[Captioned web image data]
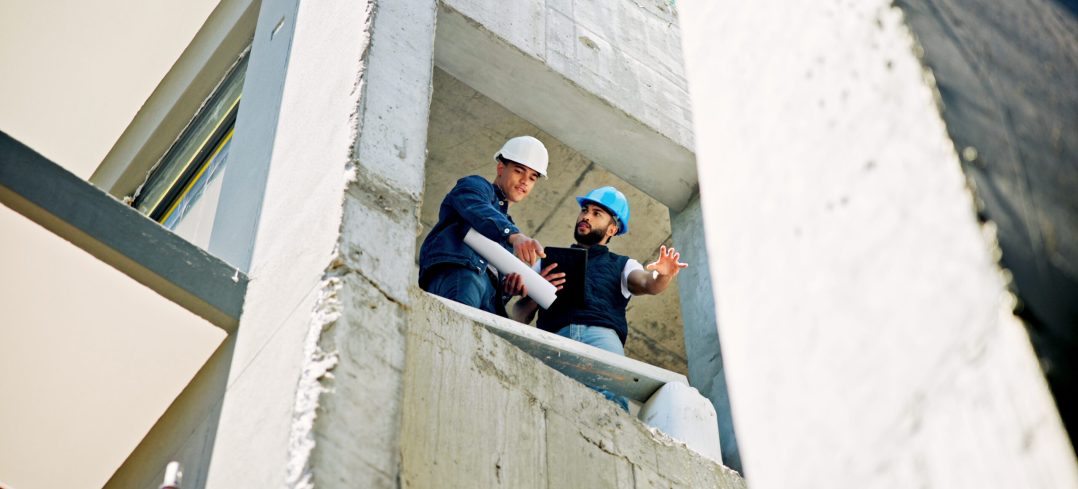 Businessmen, civil engineer and building with blueprint for industrial development or construction .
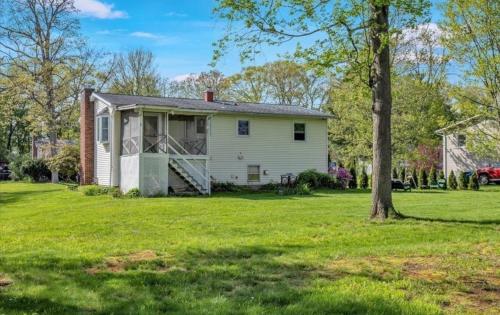 a white house with a tree in the yard at Summit & Shore House, Whole House in Colchester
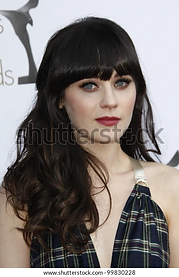 A woman with long brown hair featuring bangs, wearing a halter neck top with a plaid pattern, posing at a red carpet event, with soft-focus background.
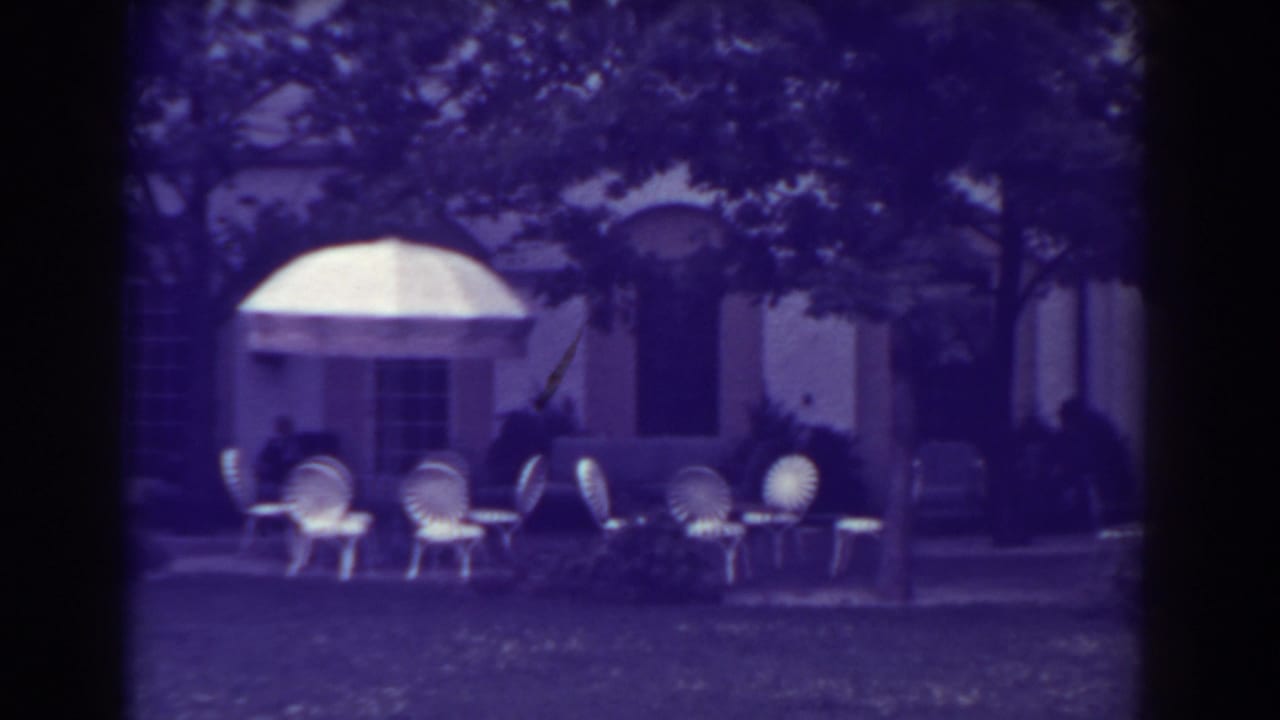 Patio chairs and tables on a lawn beside a pale building with awnings and trees.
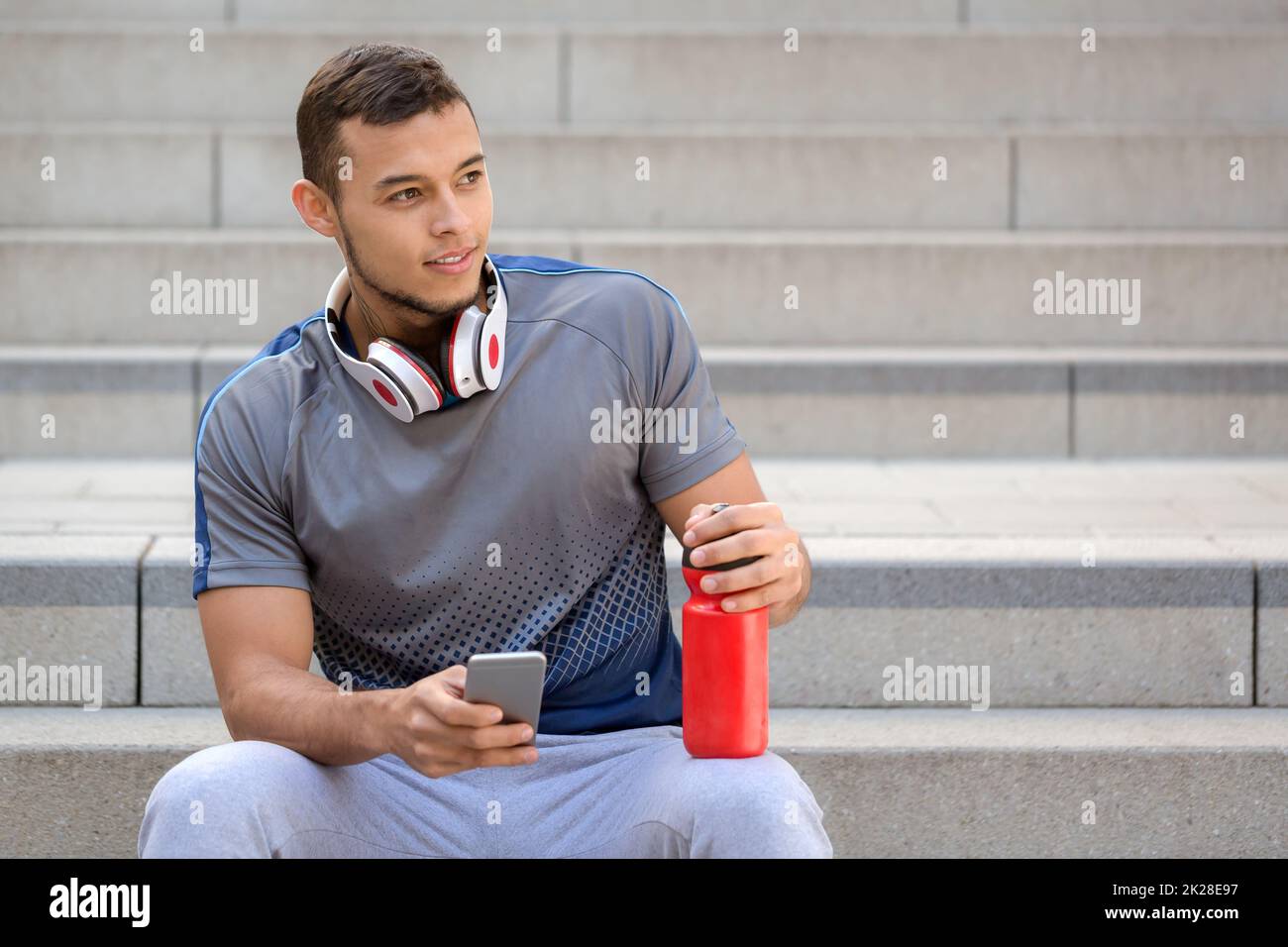 Young man listening to music listen headphones looking to the side copyspace copy space Stock Photo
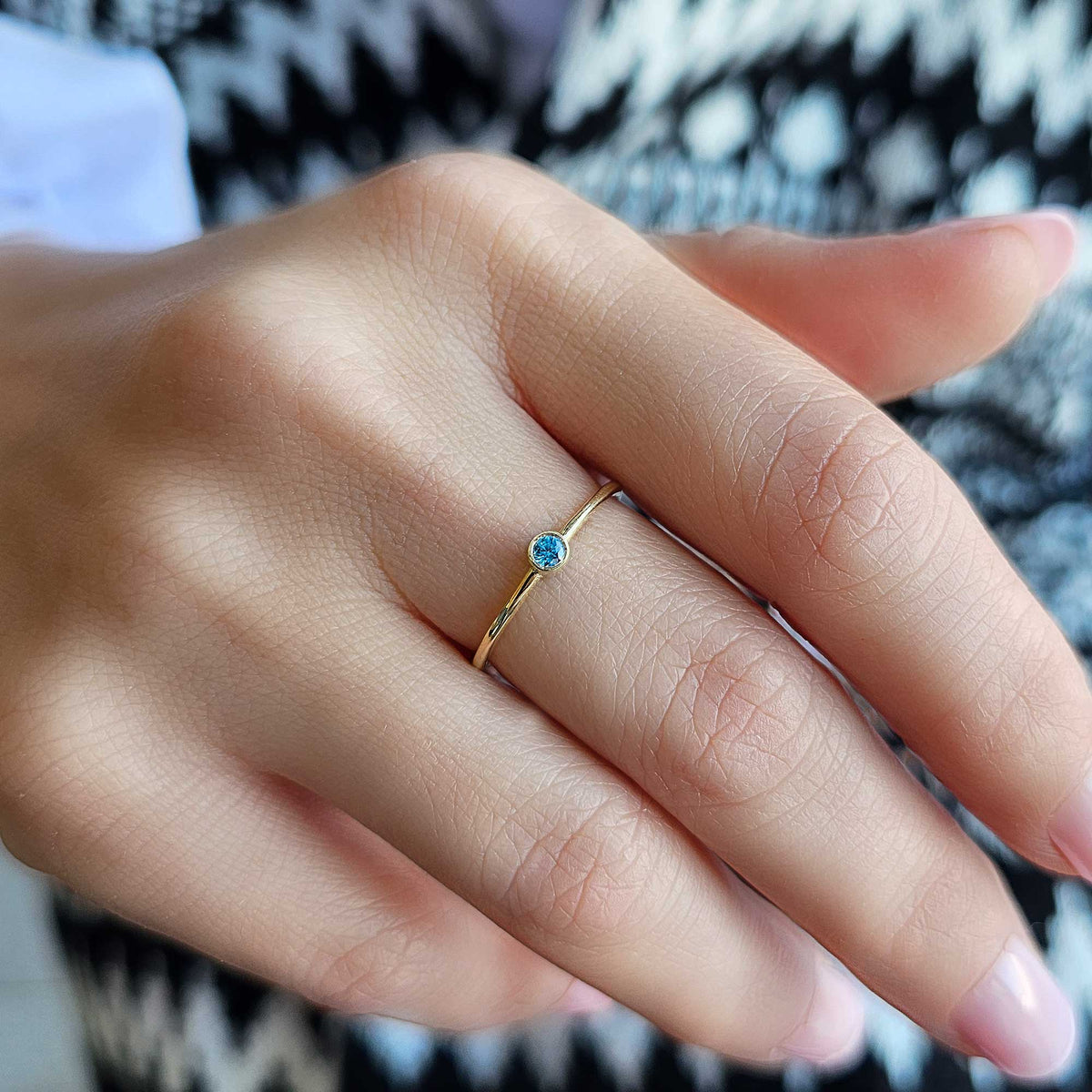 Gold light-blue-stone bezel solitaire ring worn on hand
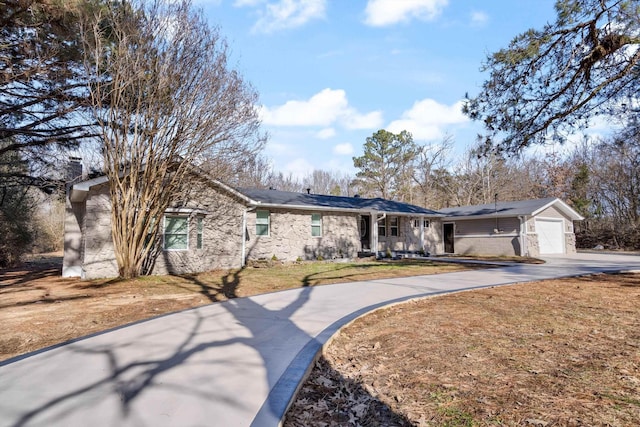 ranch-style home with a garage and a front yard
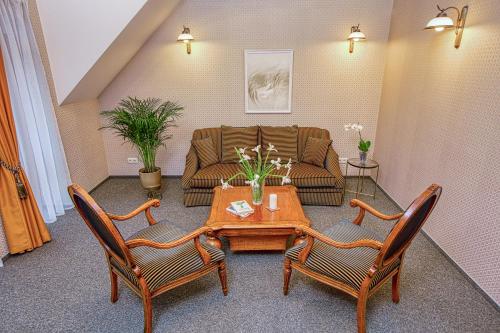 a living room with a couch and a table and chairs at White Lily Apartment in Klaipėda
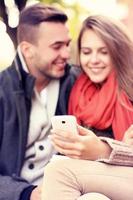 retrato borroso de una pareja joven en un banco con teléfono inteligente en el parque foto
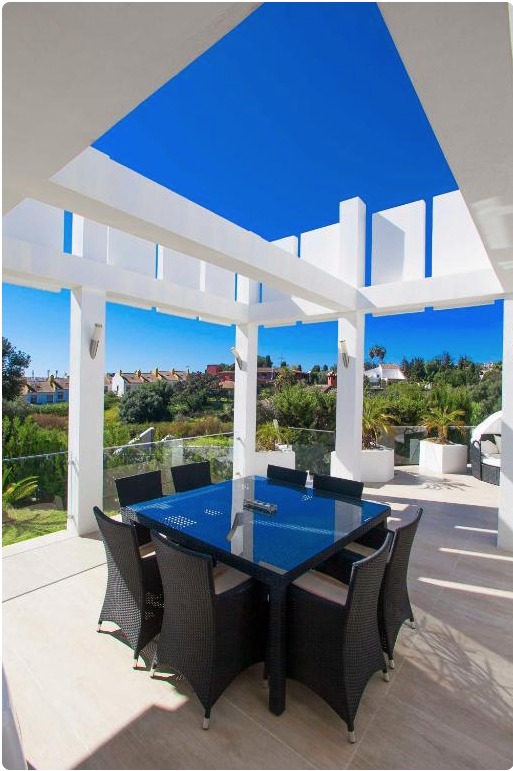 Terraza de villa de lujo con toldo azul, mesa de comedor negra y vistas panorámicas a pueblo costero mediterráneo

Problem details:
The data above must be copied exactly. Leave out the pictures.

Exercise output:
 Businessmen, civil engineer and building with blueprint for industrial development or construction .
 a white house with a tree in the yard at Summit & Shore House, Whole House in Colchester
 A woman with long brown hair featuring bangs, wearing a halter neck top with a plaid pattern, posing at a red carpet event, with soft-focus background.
 Patio chairs and tables on a lawn beside a pale building with awnings and trees.
 Young man listening to music listen headphones looking to the side copyspace copy space Stock Photo
 Gold light-blue-stone bezel solitaire ring worn on hand
 ranch-style home with a garage and a front yard
 a living room with a couch and a table and chairs at White Lily Apartment in Klaipėda
 retrato borroso de una pareja joven en un banco con teléfono inteligente en el parque foto
 Terraza de villa de lujo con toldo azul, mesa de comedor negra y vistas panorámicas a pueblo costero mediterráneo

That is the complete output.